Eur. Phys. J. D 51, 233-240 (2009)
https://doi.org/10.1140/epjd/e2008-00286-8

Planar and nonplanar ion-acoustic envelope solitary waves in a very dense electron-positron-ion plasma

¹ Institut für Theoretische Physik IV, Fakultät für Physik und Astronomie, Ruhr-Universität Bochum, 44780 Bochum, Germany
² Theoretical Physics Group, Department of Physics, Faculty of Science, Mansoura University, Damietta Branch, 34517 New Damietta, Egypt
³ Department of Physics, Faculty of Science-Port Said, Suez Canal University, Port Said, Egypt
⁴ The Nonlinear Physics Centre & Center for Plasma Science and Astrophysics, Ruhr-Universität Bochum, 44780 Bochum, Germany
⁵ Department of Physics, Umeå University, 90187 Umeå, Sweden
⁶ Max-Planck-Institut für extraterrestrische Physik, 85741 Garching, Germany
⁷ GoLP/Institute of Plasmas and Nuclear Fusion, Instituto Superior Técnico, 1049-001 Lisbon, Portugal
⁸ CCLRC Centre for Fundamental Physics, Rutherford Appleton Laboratory, Chilton, Didcot, Oxon 0X11 0, QX, UK
⁹ SUPA Department of Physics, University of Strathclyde, Glasgow G 40, NG, UK
¹⁰ School of Physics, Faculty of Science & Agriculture, University of Kwazulu-Natal, Durban, 4000, South Africa
¹¹ Department of Physics, CITT, Islamabad, Pakistan

Corresponding authors: ^a sabryphys@yahoo.com sabry@tp4.rub.de

Received: 19 September 2008
Revised: 26 November 2008
Published online: 9 January 2009

Abstract

Ion-acoustic envelope solitary waves in a very dense plasma comprised of the electrons, positrons and ions are investigated.
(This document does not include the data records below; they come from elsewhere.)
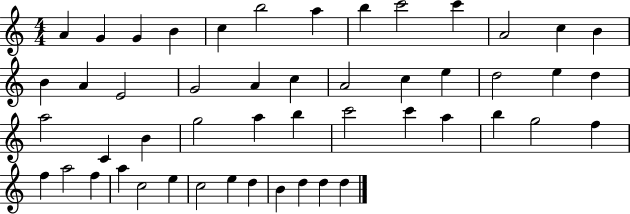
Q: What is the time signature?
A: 4/4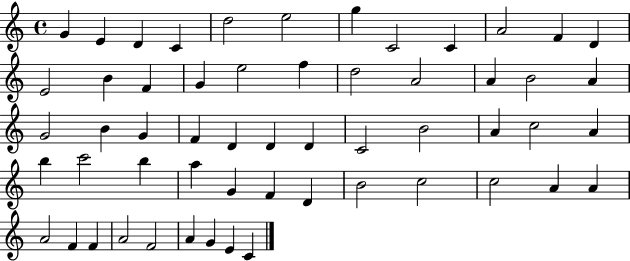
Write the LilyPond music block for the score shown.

{
  \clef treble
  \time 4/4
  \defaultTimeSignature
  \key c \major
  g'4 e'4 d'4 c'4 | d''2 e''2 | g''4 c'2 c'4 | a'2 f'4 d'4 | \break e'2 b'4 f'4 | g'4 e''2 f''4 | d''2 a'2 | a'4 b'2 a'4 | \break g'2 b'4 g'4 | f'4 d'4 d'4 d'4 | c'2 b'2 | a'4 c''2 a'4 | \break b''4 c'''2 b''4 | a''4 g'4 f'4 d'4 | b'2 c''2 | c''2 a'4 a'4 | \break a'2 f'4 f'4 | a'2 f'2 | a'4 g'4 e'4 c'4 | \bar "|."
}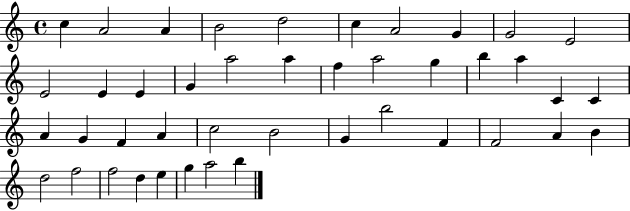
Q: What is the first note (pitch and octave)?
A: C5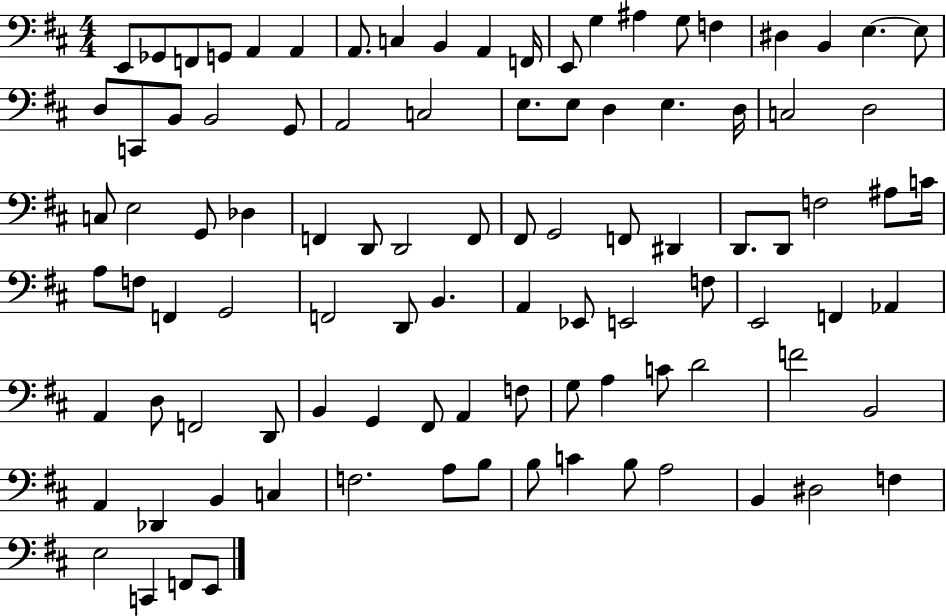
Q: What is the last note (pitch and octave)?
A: E2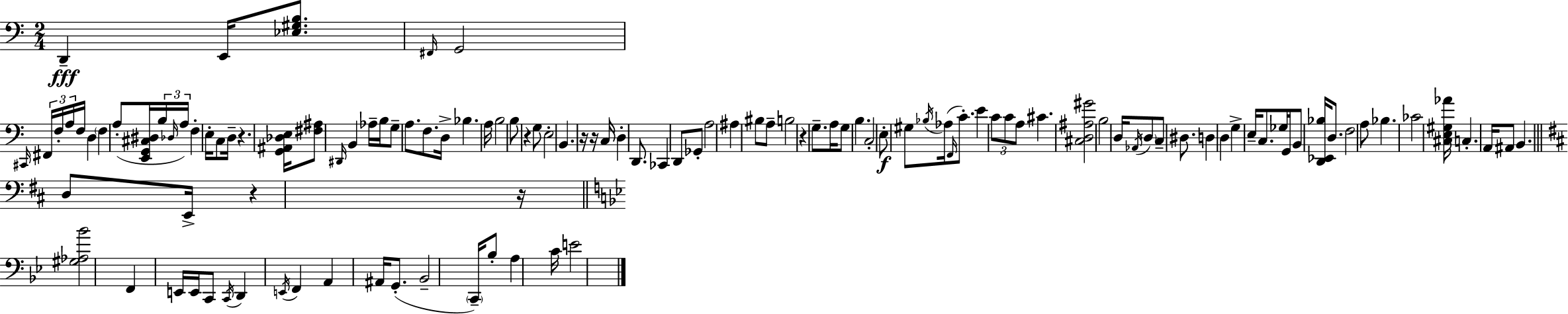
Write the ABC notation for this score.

X:1
T:Untitled
M:2/4
L:1/4
K:C
D,, E,,/4 [_E,^G,B,]/2 ^F,,/4 G,,2 ^C,,/4 ^F,,/4 F,/4 A,/4 F,/4 D, F, A,/2 [E,,G,,^C,^D,]/4 B,/4 _D,/4 A,/4 F, E,/4 C,/2 D,/4 z [G,,^A,,_D,E,]/4 [^F,^A,]/2 ^D,,/4 B,, _A,/4 B,/4 G,/2 A,/2 F,/2 D,/4 _B, A,/4 B,2 B,/2 z G,/2 E,2 B,, z/4 z/4 C,/4 D, D,,/2 _C,, D,,/2 _G,,/2 A,2 ^A, ^B,/2 A,/2 B,2 z G,/2 A,/4 G,/2 B, C,2 E,/2 ^G,/2 _B,/4 _A,/4 F,,/4 C/2 E C/2 C/2 A,/2 ^C [^C,D,^A,^G]2 B,2 D,/4 _A,,/4 D,/2 C,/2 ^D,/2 D, D, G, E,/4 C,/2 _G,/4 G,,/4 B,,/2 [D,,_E,,_B,]/4 D,/2 F,2 A,/2 _B, _C2 [^C,E,^G,_A]/4 C, A,,/4 ^A,,/2 B,, D,/2 E,,/4 z z/4 [^G,_A,_B]2 F,, E,,/4 E,,/4 C,,/2 C,,/4 D,, E,,/4 F,, A,, ^A,,/4 G,,/2 _B,,2 C,,/4 _B,/2 A, C/4 E2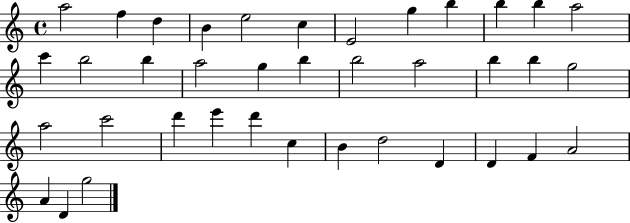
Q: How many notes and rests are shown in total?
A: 38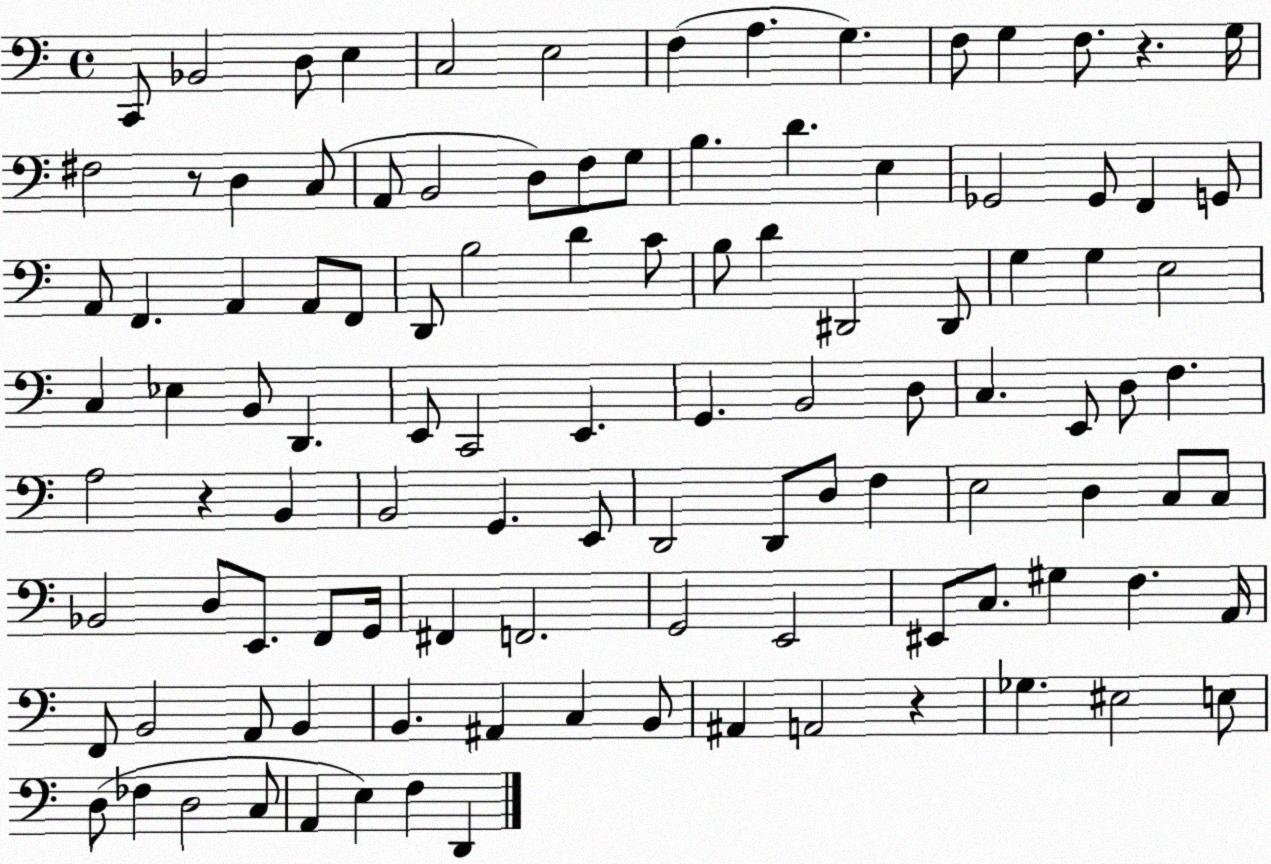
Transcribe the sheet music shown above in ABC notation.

X:1
T:Untitled
M:4/4
L:1/4
K:C
C,,/2 _B,,2 D,/2 E, C,2 E,2 F, A, G, F,/2 G, F,/2 z G,/4 ^F,2 z/2 D, C,/2 A,,/2 B,,2 D,/2 F,/2 G,/2 B, D E, _G,,2 _G,,/2 F,, G,,/2 A,,/2 F,, A,, A,,/2 F,,/2 D,,/2 B,2 D C/2 B,/2 D ^D,,2 ^D,,/2 G, G, E,2 C, _E, B,,/2 D,, E,,/2 C,,2 E,, G,, B,,2 D,/2 C, E,,/2 D,/2 F, A,2 z B,, B,,2 G,, E,,/2 D,,2 D,,/2 D,/2 F, E,2 D, C,/2 C,/2 _B,,2 D,/2 E,,/2 F,,/2 G,,/4 ^F,, F,,2 G,,2 E,,2 ^E,,/2 C,/2 ^G, F, A,,/4 F,,/2 B,,2 A,,/2 B,, B,, ^A,, C, B,,/2 ^A,, A,,2 z _G, ^E,2 E,/2 D,/2 _F, D,2 C,/2 A,, E, F, D,,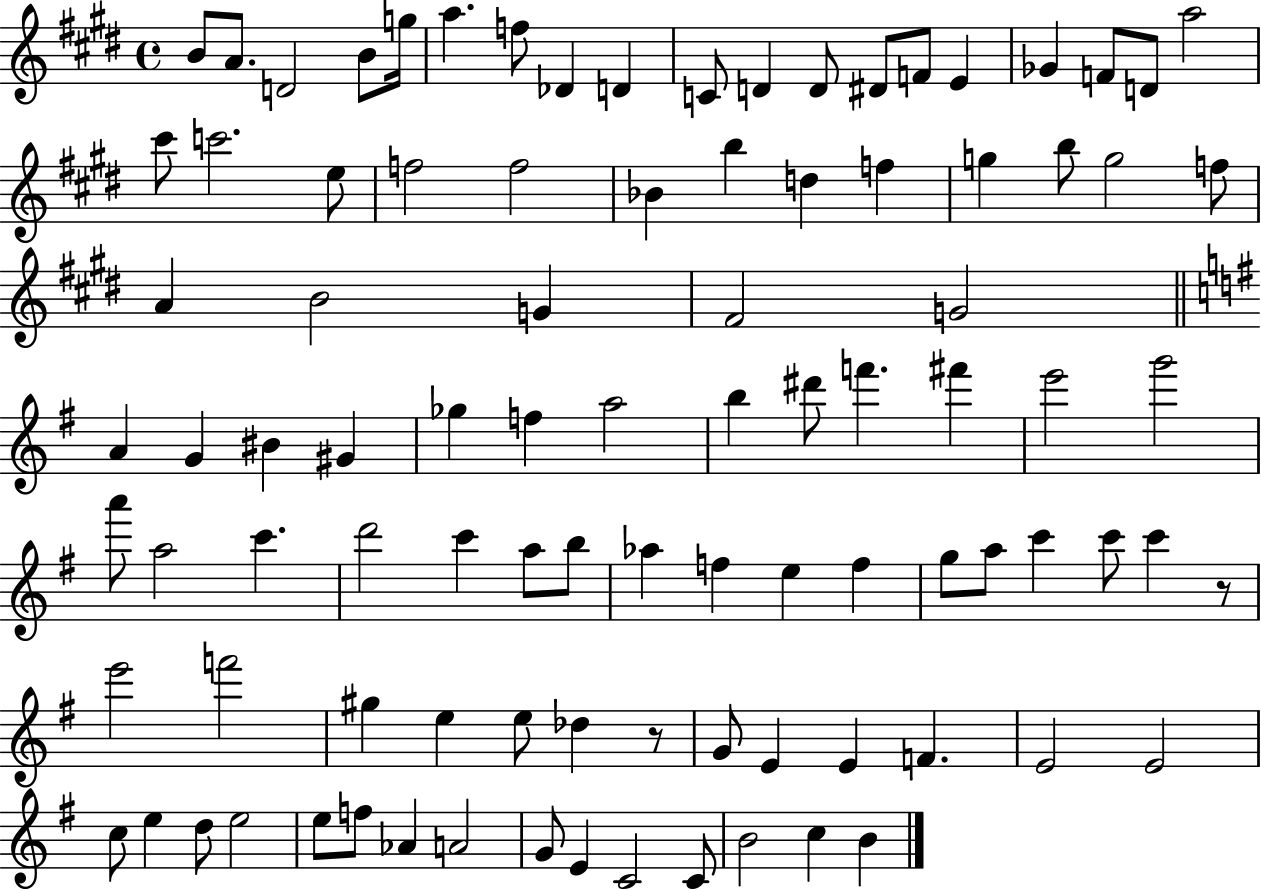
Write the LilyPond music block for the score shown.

{
  \clef treble
  \time 4/4
  \defaultTimeSignature
  \key e \major
  \repeat volta 2 { b'8 a'8. d'2 b'8 g''16 | a''4. f''8 des'4 d'4 | c'8 d'4 d'8 dis'8 f'8 e'4 | ges'4 f'8 d'8 a''2 | \break cis'''8 c'''2. e''8 | f''2 f''2 | bes'4 b''4 d''4 f''4 | g''4 b''8 g''2 f''8 | \break a'4 b'2 g'4 | fis'2 g'2 | \bar "||" \break \key e \minor a'4 g'4 bis'4 gis'4 | ges''4 f''4 a''2 | b''4 dis'''8 f'''4. fis'''4 | e'''2 g'''2 | \break a'''8 a''2 c'''4. | d'''2 c'''4 a''8 b''8 | aes''4 f''4 e''4 f''4 | g''8 a''8 c'''4 c'''8 c'''4 r8 | \break e'''2 f'''2 | gis''4 e''4 e''8 des''4 r8 | g'8 e'4 e'4 f'4. | e'2 e'2 | \break c''8 e''4 d''8 e''2 | e''8 f''8 aes'4 a'2 | g'8 e'4 c'2 c'8 | b'2 c''4 b'4 | \break } \bar "|."
}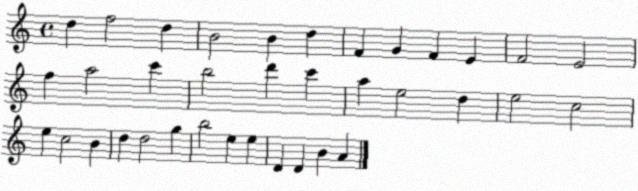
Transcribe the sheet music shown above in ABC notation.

X:1
T:Untitled
M:4/4
L:1/4
K:C
d f2 d B2 B d F G F E F2 E2 f a2 c' b2 d' c' a e2 d e2 c2 e c2 B d d2 g b2 e e D D B A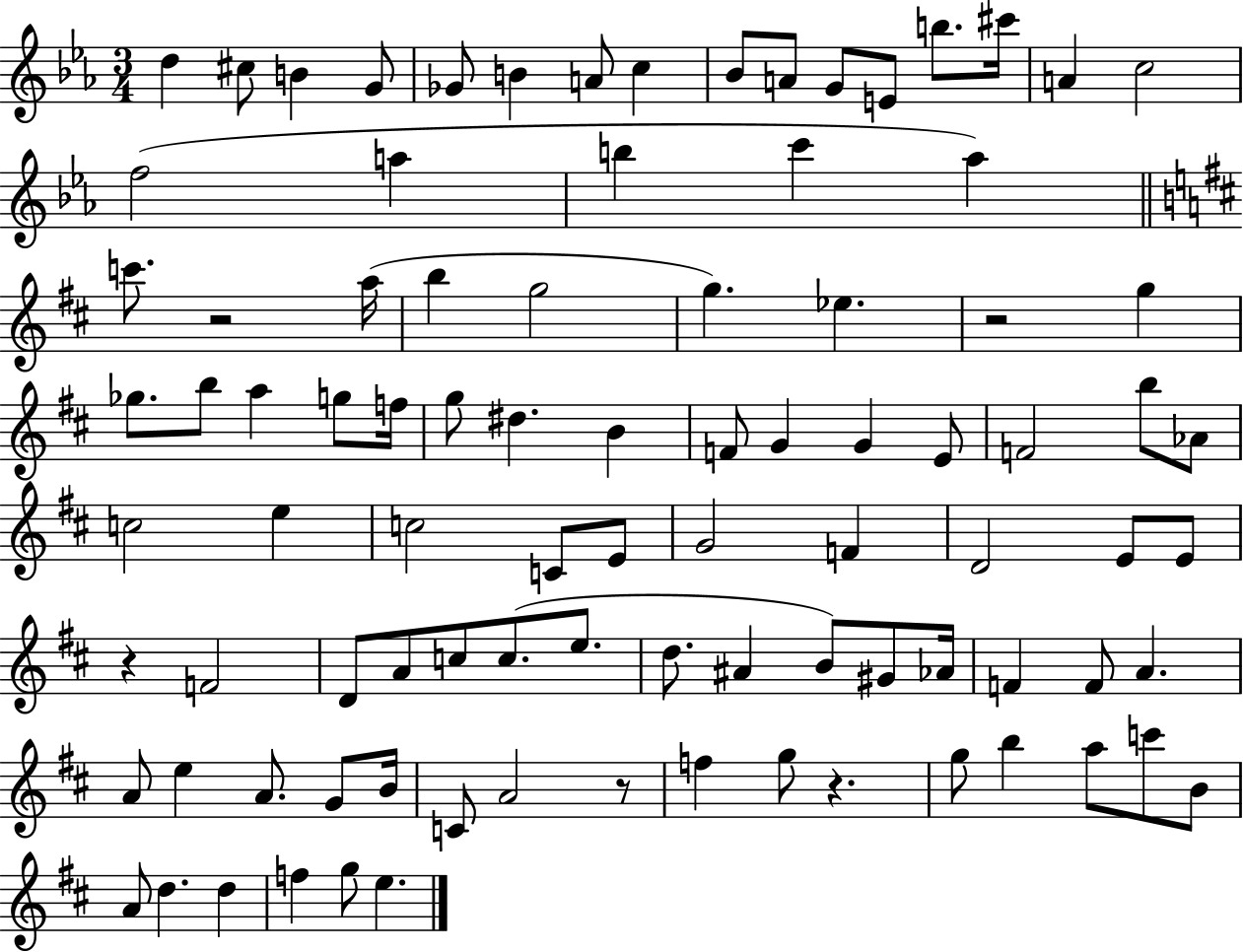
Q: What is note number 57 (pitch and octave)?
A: C5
For this purpose, the quantum hydrodynamic model and the Poisson equation are used. A modified nonlinear Schrödinger equation is derived by employing the reductive perturbation method. The effects of the quantum correction and of the positron density on the propagation and stability of the envelope solitary waves are examined. The nonplanar (cylindrical/spherical) geometry gives rise to an instability period. The latter cannot exist for planar case and it affected by the quantum parameters, as well as the positron density. The present investigation is relevant to white dwarfs.